Initiating failover: switching between the active and standby clusters

  • Do not make configuration changes until the system is stable and geo-redundancy has been restored. If you must make a configuration change, use only the active site, not the standby.
  • If both clusters are still active, ensure that both clusters are in maintenance mode. Do not restart SR Linux nodes.

In a geo-redundant system, assume cluster 1 is active and cluster 2 is standby. Use this procedure to switch the roles assigned to the cluster 1 and cluster 2 for the following scenarios:
  • Maintenance: if you need to perform maintenance activities on the active system
    Note: You need to disable the sync connection first, as shown in step 1 of this procedure.
  • Disaster recovery: if cluster 1 becomes unreachable and you want to make cluster 2 the active cluster
  1. If you are performing maintenance on the active cluster, stop the sync connection from the active cluster. Skip this step if you are switching over for disaster recovery reasons.

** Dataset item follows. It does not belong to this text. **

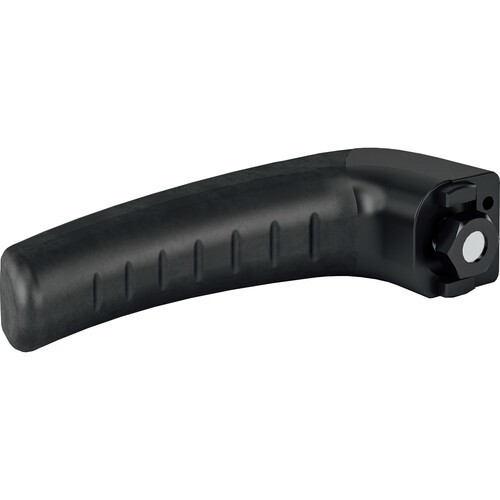 New Sachtler Carry Handle for Ace Mark II Tripods MFR#S2051-1063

    On the Geo-Redundancy page of the active system, click Stop Sync.
    The standby site automatically enters the Sync Aborted state when the active cluster has stopped syncing. Wait until the status of the standby system is Sync Aborted, then continue to step 2.
  2. From the Geo-Redundancy page on the standby system, run an audit.
    From the standby Audit drop-down menu, click AuditStart.
    The status of the audit is shown on the Geo-Redundancy page.
    Note: The auth pod can go into a crash loop for a few restarts.
    When the audit completes, continue with the next step.
  3. From the upper-right drop-down list, select ForceStandalone.
  4. Optional: If you are performing this procedure for maintenance, click CONFIGURE; otherwise, skip this step.
    1. In the Local Site section, enable the Active field.
    2. In the Remote Site section, disable the Active field.
  5. Optional: If you are performing this procedure for maintenance, click SAVE; otherwise, skip this step.
  6. Upload software images to the standby system.
    1. Upload SR Linux images to the standby system.
      For instructions, see Adding a new software image.
    2. After you have uploaded the software images to the standby system, from the Image Catalog page, click REGEN PROVISION SCRIPTS.
      This action re-initiates ZTP provisioning scripts in case you a need to bootstrap or upgrade SR Linux nodes.
  7. Align the deployer configuration between the active and standby systems.
    1. Determine the name of the active and standby sites.
      [root@fss-deployer ~]# /root/bin/fss-install.sh status-georedundancy
    2. While logged in to the deployer VM in cluster 1, enter the following command to make the deployer in cluster 2 the primary deployer.
      [root@fss-deployer ~]# /root/bin/fss-install.sh set-active-deployer -t <name>
      Note: If both deployer VMs are still available, repeat this step on the deployer VM in cluster 2.